Coco Gauff poses with the trophy after defeating Aryna Sabalenka to win her first Grand Slam title in the U.S. Open women’s singles final at Arthur Ashe Stadium at the USTA Billie Jean King National Tennis Center on Saturday. Credit: Newsday/J. Conrad Williams Jr.

There’s a question people ask when a young athlete ascends to a sport’s grandest stage: Can she be as good as imagined, as good as promised? Can reality meet expectation when the expectations are so impossibly high?

For one set Saturday afternoon, there was doubt.

Coco Gauff, long heralded as the future of the women’s game, was off-kilter and, for the first time this U.S. Open, the American teenager looked her age. Second-seeded Aryna Sabalenka dominated with power and maturity, and it felt as if Gauff, in only the second Grand Slam final of her career, had strapped on some wings and flown too close to the sun.

Little did everyone know, Gauff was made of fire.

In a stirring, gritty, astonishingly athletic display, Gauff came back to take the final two sets, defeating Sabalenka, 2-6, 6-3, 6-2, to capture the women’s final at Arthur Ashe Stadium and win her first career Grand Slam title.

At 19, she is the youngest American woman to win it since Serena Williams took home the title in 1999 at 17. It’s only the second time in 29 U.S. Open women’s finals that a player has lost the first set and come back to prevail. She’s won 18 of her last 19 matches.

“Thank you to the people who didn’t believe in me,” she said on court. “To those who thought you were putting water on my fire, you were putting gas on it. I’m burning so bright right now.”

Then again, during her post-match news conference: “I’m very stubborn . . . So I really told myself, literally up until, like, 10 minutes before the match, I was just reading comments of people saying I wasn’t going to win today.”

So she simply did the opposite.

Gauff’s game seemed to mature and refine as the match went on, and the adoring crowd did its best to propel her when things looked bleak.

Gauff dropped the last three games of the first set, Sabalenka’s set point coming off Gauff’s unforced error on the forehand side.

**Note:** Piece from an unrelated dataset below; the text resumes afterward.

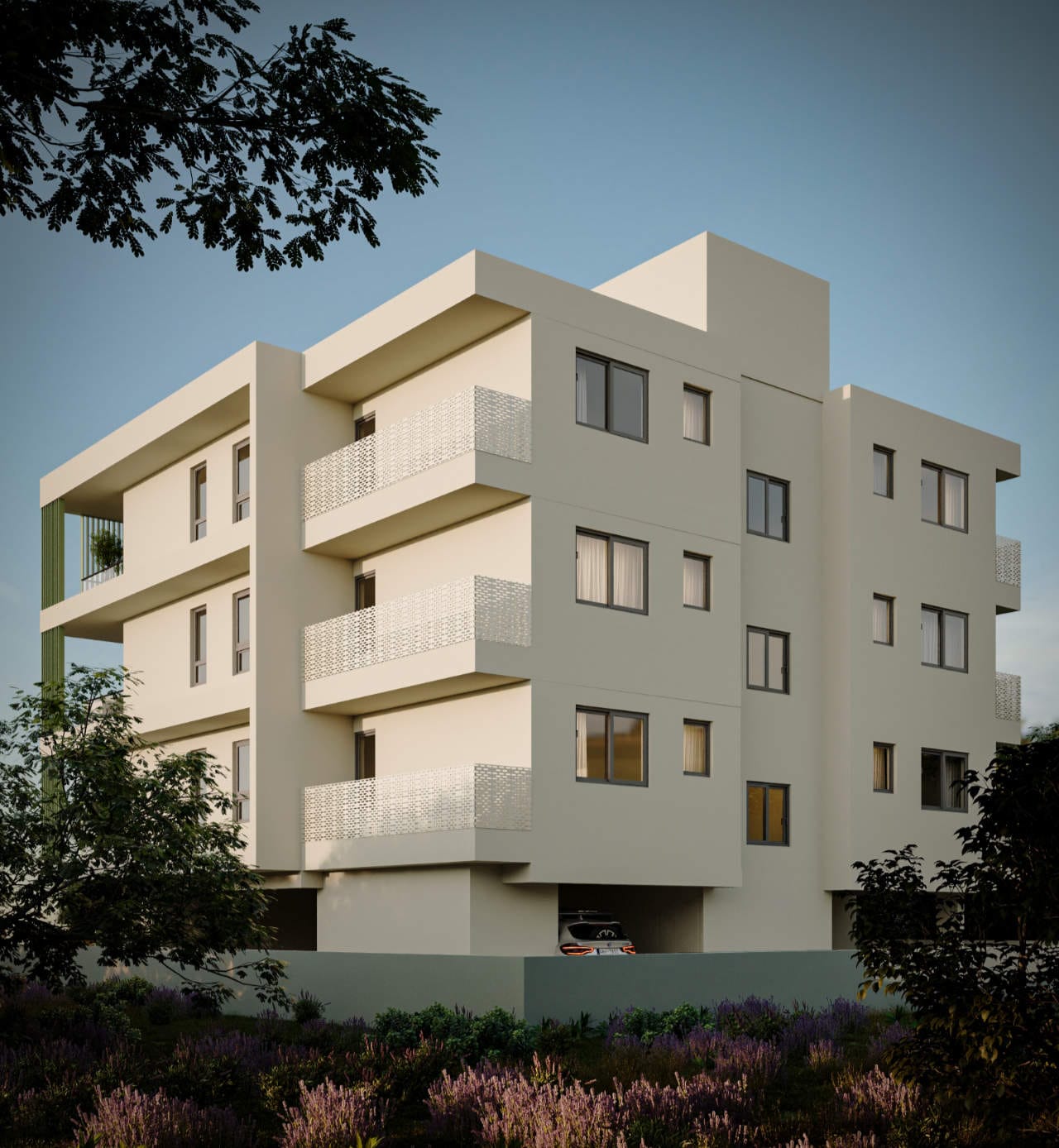 Contemporary 2 Bedroom Apartment | Strovolos, Nicosia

Gauff refused to let the moment become too big for her, though, and relied on steely defense to unsettle Sabalenka. Gauff won the first four games of the third set, often outmaneuvering her opponent, eventually sealing it after Sabalenka committed three unforced errors on the way to love-40 in the final game.

Then, finally, came a running backhanded passing shot down the baseline that Sabalenka couldn’t handle for the win. Gauff collapsed to the court weeping as chaos erupted at Ashe.

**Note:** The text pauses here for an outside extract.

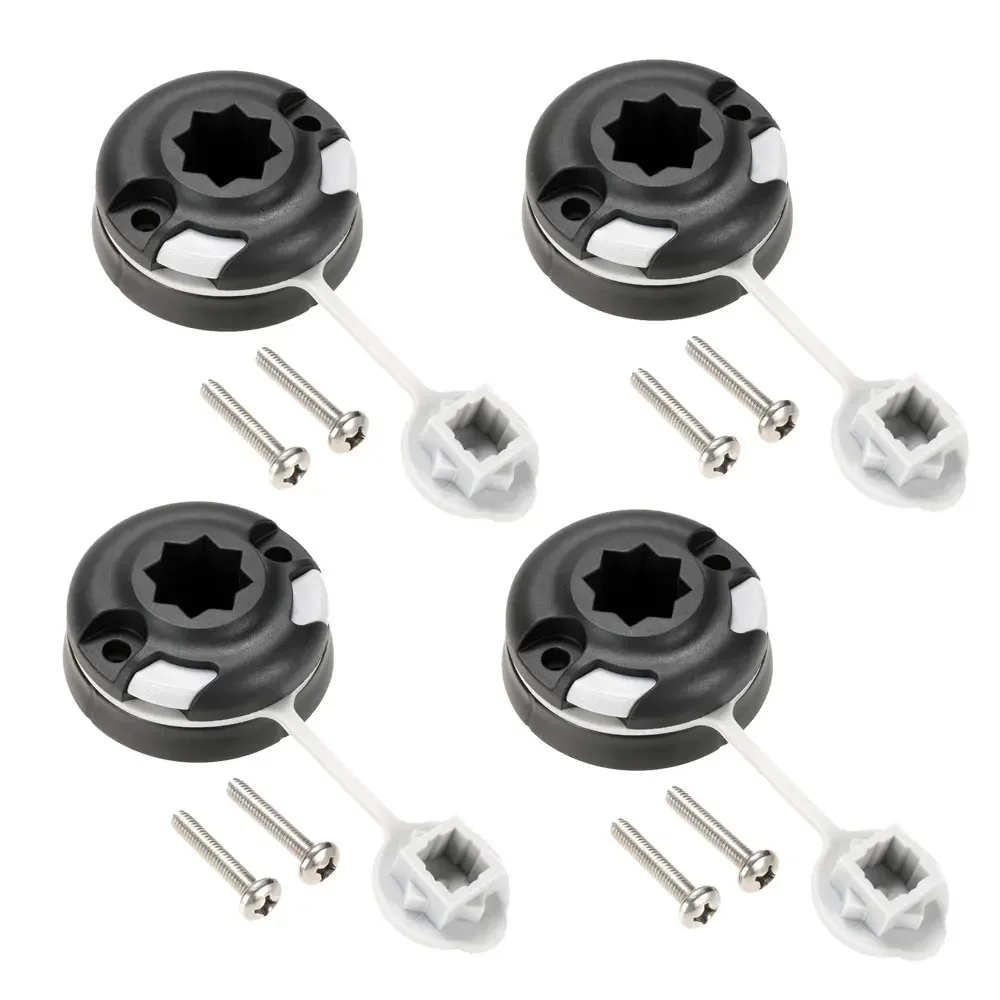 8/6/4/1 pièces, Base de montag - Fishing Kayak Cart avis et prix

“In the first set I was dealing with my emotions quite good,” Sabalenka said. “I was focused on myself, not on the crowd or the way she moves . . . But then the second set I started probably overthinking, and because of that, I started losing my power.”

Sabalenka committed 46 unforced errors, 27 on the forehand, and Gauff won five of nine break points.

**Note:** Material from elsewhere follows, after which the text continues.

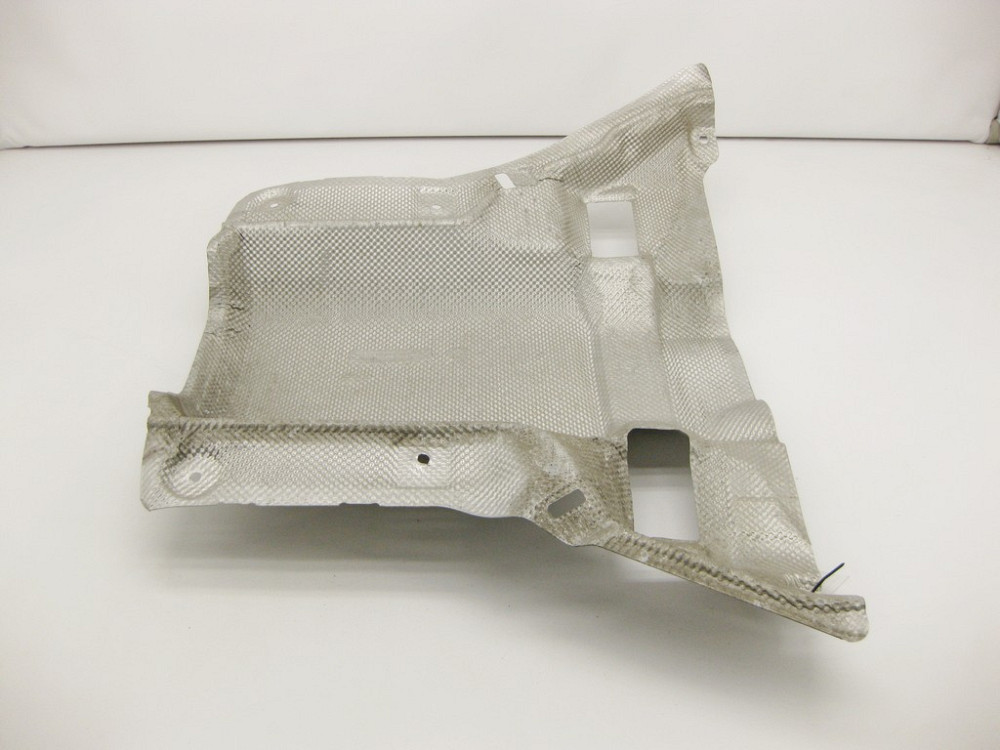 Mercedes-Benz  A2056823700 Теплозахисний екран над каталізатором C-Class W205 E-Class W213 C238 CLS C257 Одеса - фото 5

Sabalenka’s consolation? On Monday, she’ll be ranked No. 1 in the world.

“Today was the first time I’ve ever seen my dad cry. He doesn’t want me to tell you that,” said Gauff, who immediately ran into the stands to hug her parents.

She talked about the pressure she felt when she burst onto the stage at 15, and how it sometimes sapped the joy of living the dream. Losing at Wimbledon in the first round in June, she said, dimmed it more.

That’s over.

“I just realize that I just need to go out there and try my best,” Gauff said. “I remember I lost when I was 17 and there was a stat, they were like, ‘Oh, she’s not going to win a Slam before Serena’s age.’ It was stuff like that that I felt like I had a time limit on when I should win one, and if I won one after a certain age, it wouldn’t be an achievement.”

Gauff said that as the trophy sat on the table in front of her. She may be older than Williams was when she won her first, but their names will be etched together all the same.